2018-04-23 Thread Glenn Linderman

On 4/23/2018 1:01 PM, Ethan Furman wrote:

On 04/22/2018 10:44 PM, Tim Peters wrote:

[Guido]
In reality there often are other conditions being applied to the 
match for
which `if expr as name` is inadequate. The simplest would be 
something like


   if ...:
   
   elif (m := re.match('(.*):(.*)', line)) and m.group(1) == 
m.group(2):

 

And the match() call may not even be the first thing to check -- 
e.g. we

could have

 elif line is not None and (m := re.match('(.*):(.*)', line)) 
and m.group(1) == m.group(2):


I find myself warming more to binding expressions the more I keep them
in mind while writing new code.  And I think it may be helpful to
continue showing real examples where they would help.

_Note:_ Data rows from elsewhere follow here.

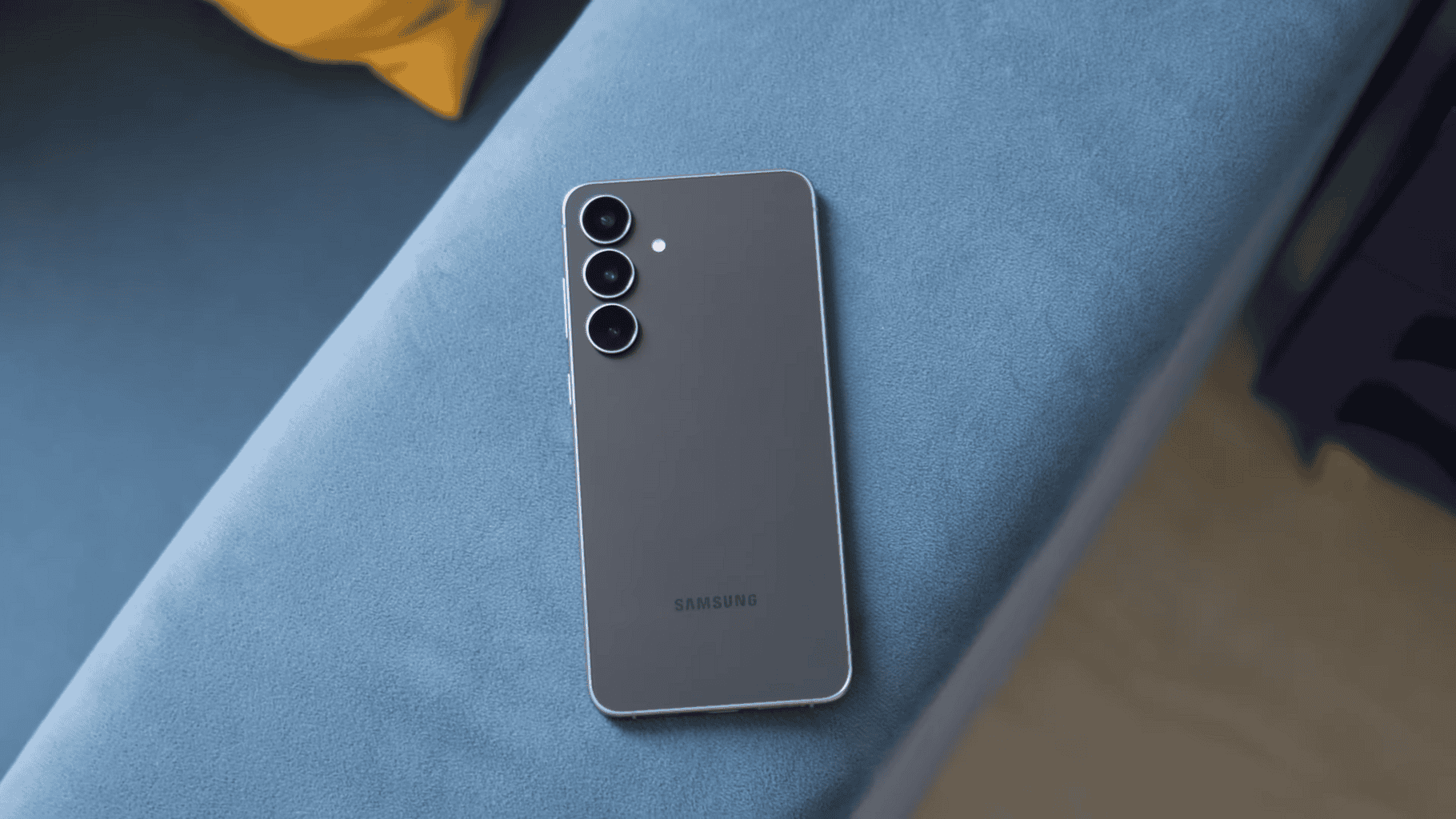 Galaxy S25 FE em 2026: por que muita gente chama de “celular sem dor de cabeça” 3 câmeras traseiras de smartphone Samsung Galaxy, design moderno e tecnologia avançada.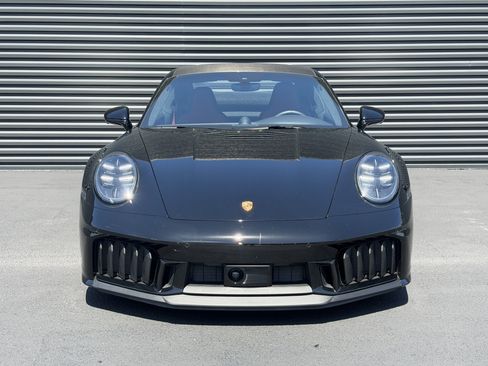 Used 2026 Porsche 911 Carrera 4 GTS AWD/4WD image 6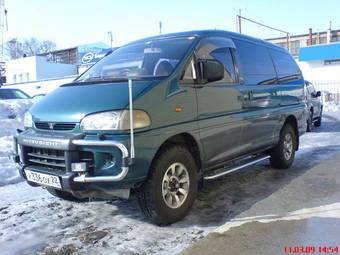 1996 Mitsubishi Delica Pictures
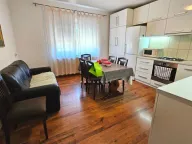 Izdavanje, četvorosoban stan, 85m², Apelovac, Niš - image 6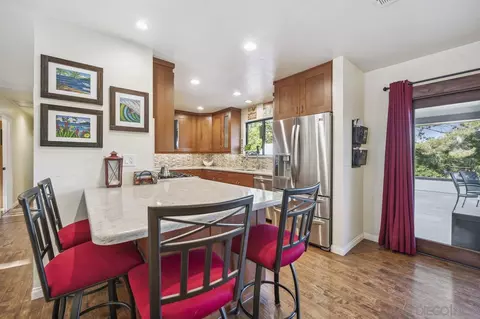 2952 Milpas Dr, Escondido, CA 92029 photo 7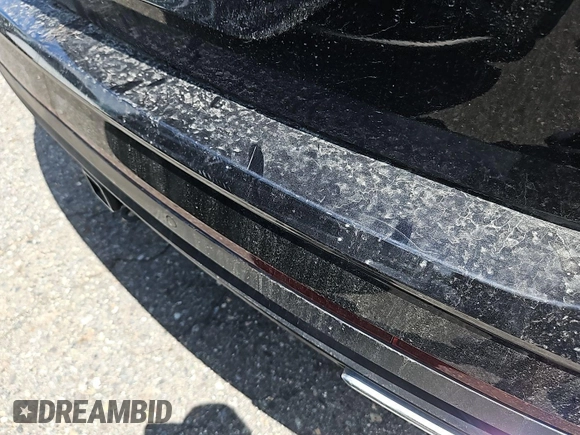 2024 Volkswagen Atlas SE with VIN 1V2HR2CA0RC555310, listed as a IAAI auction lot 42726962 with 18,978 mi miles and . Bid and sale history available at DreamBid. Image 26.
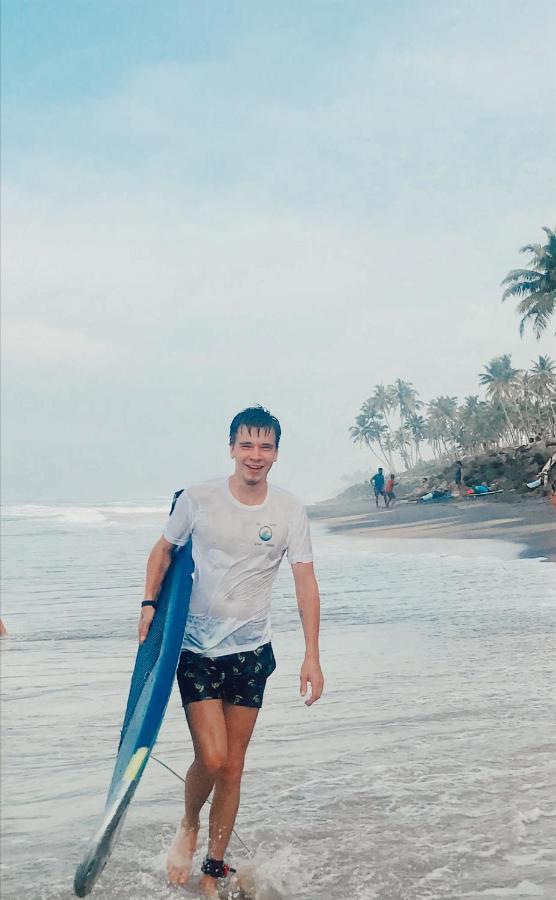 Homestay Goofy Foot Surf Shack *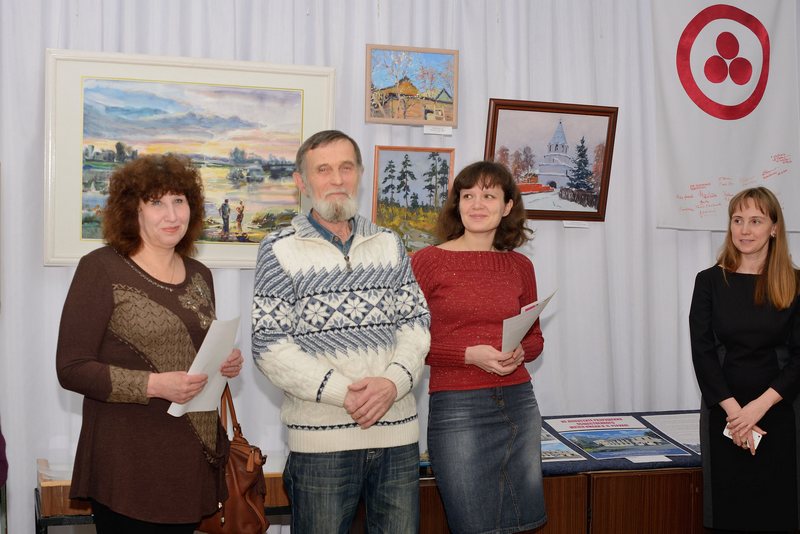 Авторы работ (слева направо) Татьяна Сысуева, Виктор Тайдаков, Мария Гаврилова на открытии.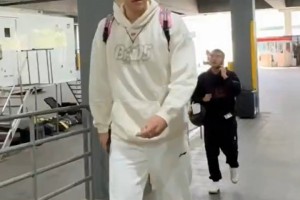 主场再战勇士！杨瀚森与队友们先后抵达球馆~还是粉色小书包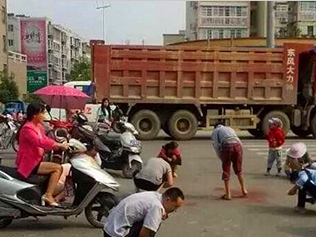 貨車側翻 多聞眾人哄搶 少見司機自省 1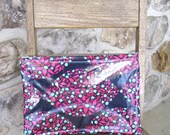 Sofs offers an extra large waterproof pouch in wild field trip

Today's example:  I happened to code this a few hours ago:

diff = x - x_base
if diff:
 g = gcd(diff, n)
 if g > 1:
 return g

It's not really hard to follow, but two levels of nesting "feels
excessive", as does using the names "diff" and "g" three times each.
It's _really_ an "and" test:  if the diff isn't 0 and gcd(diff, n) >
1, return the gcd.  That's how I _thought_ of it from the start.

Which this alternative expresses directly:

if (diff := x - x_base) and (g := gcd(diff, n)) > 1:
 return g


So I really like being able to make the assignment in the expression, 
but I have a really hard time parsing it with the name first.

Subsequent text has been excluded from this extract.